But in fact, the rabbis only excluded those books specifically because they were likely to lead people into Christianity, and they are repeatedly quoted or cited in the New Testament, as they were by Jewish writers up to their rabbinical exclusion. Even thereafter, a point is made by the continued celebration of Hanukkah, a celebration thanks to books to which Jews only really had access because Christians had preserved them, since the rabbis had wanted them destroyed.
Hanukkah bushes, and the giving and receiving of presents at Hanukkah, stand in a tradition of two-way interaction both as old as Christianity and about as old as anything that could reasonably be described as Judaism. As Rabbi Hilton puts it, “It is hardly surprising that Jewish communities living for centuries in Christian society should be influenced by the surrounding culture.” There are many, many, many other examples that could be cited.
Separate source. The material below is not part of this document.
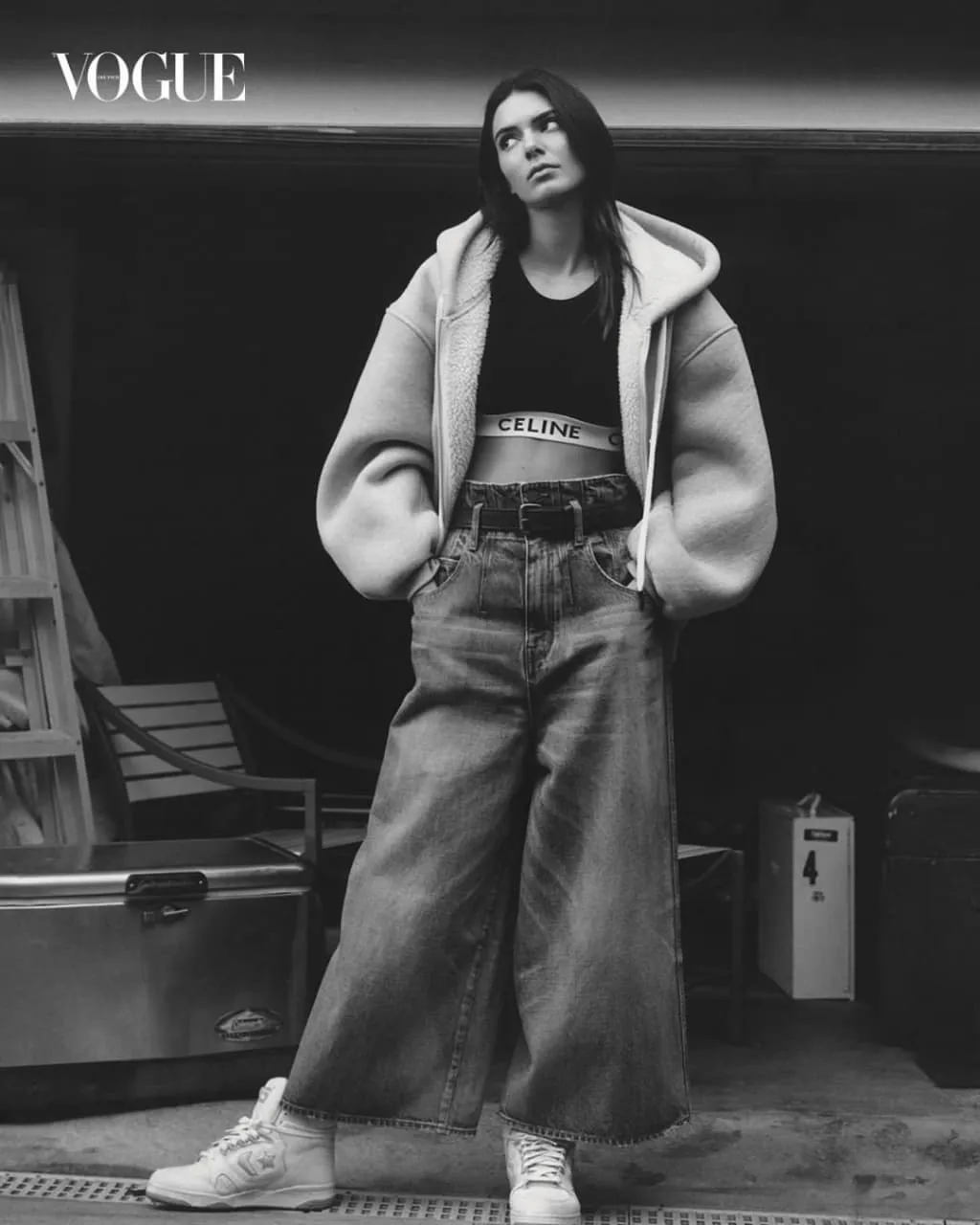 Кендалл Дженнер знялася для Vogue Germany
Many a midrash – such as “to you the Sabbath is handed over, but you are not handed over to the Sabbath” – is easily late enough to be an example of the direct influence of Christianity, yet Jewish and Christian scholars alike tend to announce an unidentified common, usually Pharisaic, root, although they rarely go off on any wild goose chase to find that root. I think that we all know why not.
Thus constructed, Judaism became, and remains, an organising principle, again like Classically-based reactions, for all sorts of people discontented for whatever reason with the rise of Christianity in general and with the Christianisation of the Roman Empire in particular, including all the historical consequences of that up to the present day, without any realistic suggestion of a common ethnic background.
And it is Christianity in general, and Catholicism in particular, that is the religion of the Hebrew Scriptures. Including the two Books of Maccabees, the origin of Hanukkah. The true form of which, as of so much else, is Christmas.